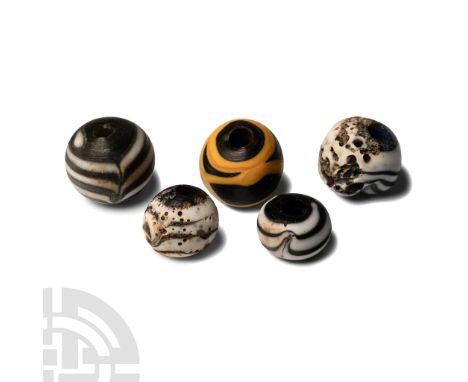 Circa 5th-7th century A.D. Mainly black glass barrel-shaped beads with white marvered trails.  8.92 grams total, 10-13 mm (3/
---
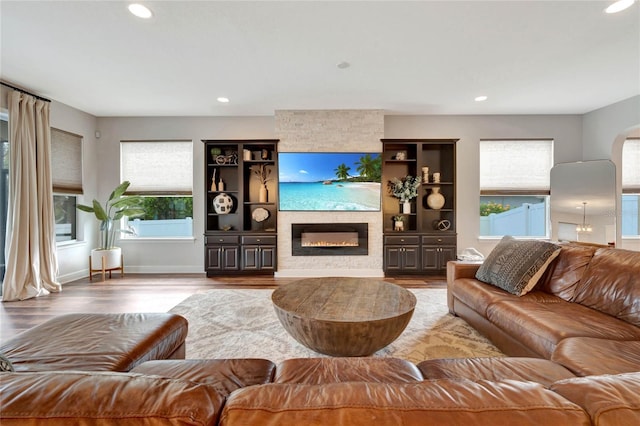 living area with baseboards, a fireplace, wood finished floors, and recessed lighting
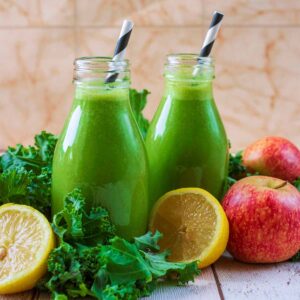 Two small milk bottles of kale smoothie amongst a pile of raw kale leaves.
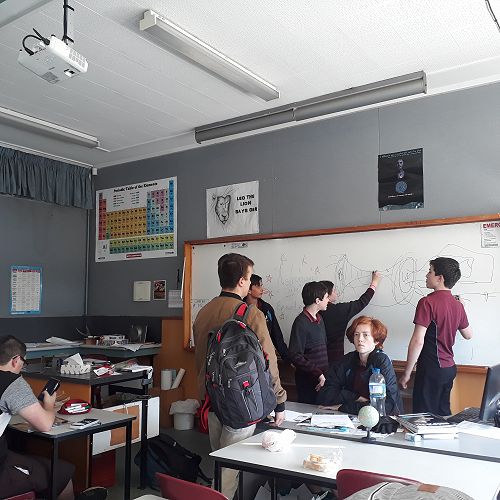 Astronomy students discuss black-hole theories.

# YOUR INSTRUCTIONS
In the listing above, the required lines run from the line with "Two small milk" through the line with "Astronomy students discuss". Output exactly those lines, omitting pictures.

# RESULT FOR THIS EXERCISE
 Two small milk bottles of kale smoothie amongst a pile of raw kale leaves.
 Astronomy students discuss black-hole theories.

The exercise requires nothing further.